**WORK ITEM**
Range to copy from the entries below: the line containing "100x100メッシュ0.1ステンレス鋼ワイヤーメッシュネット - Product" through the line containing "Shoe Warmer Heater", inclusive. Retype only those lines, exactly, without any images.

**THE DATA**
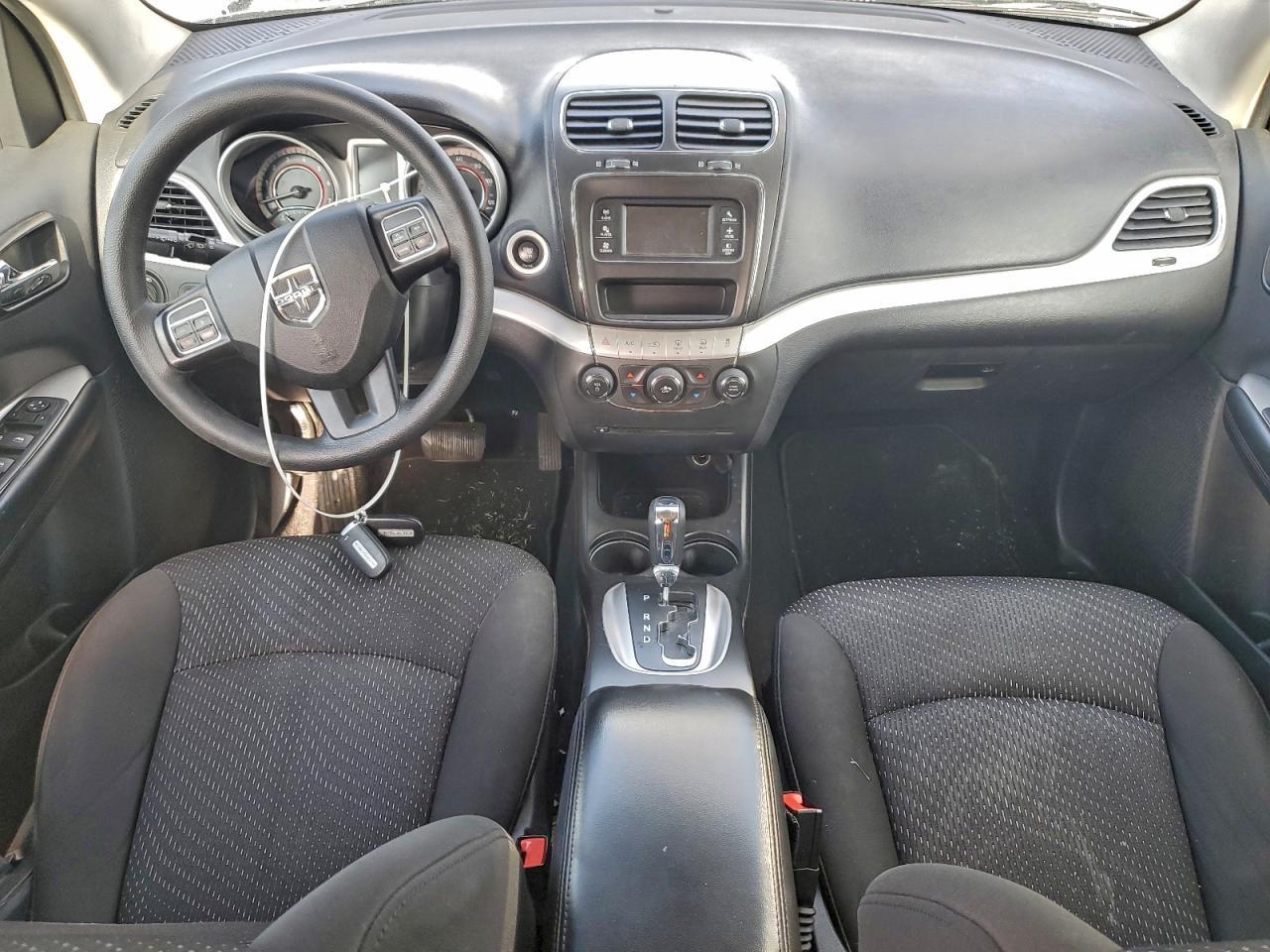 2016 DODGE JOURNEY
* * *
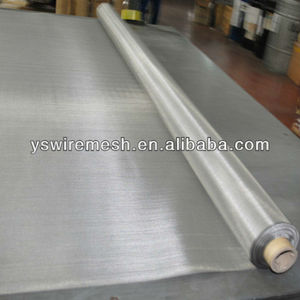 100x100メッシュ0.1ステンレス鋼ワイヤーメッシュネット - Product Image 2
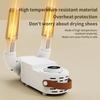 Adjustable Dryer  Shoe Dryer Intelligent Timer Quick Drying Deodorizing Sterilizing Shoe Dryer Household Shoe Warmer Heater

**RESULT OF THIS EXERCISE**
 100x100メッシュ0.1ステンレス鋼ワイヤーメッシュネット - Product Image 2
 Adjustable Dryer  Shoe Dryer Intelligent Timer Quick Drying Deodorizing Sterilizing Shoe Dryer Household Shoe Warmer Heater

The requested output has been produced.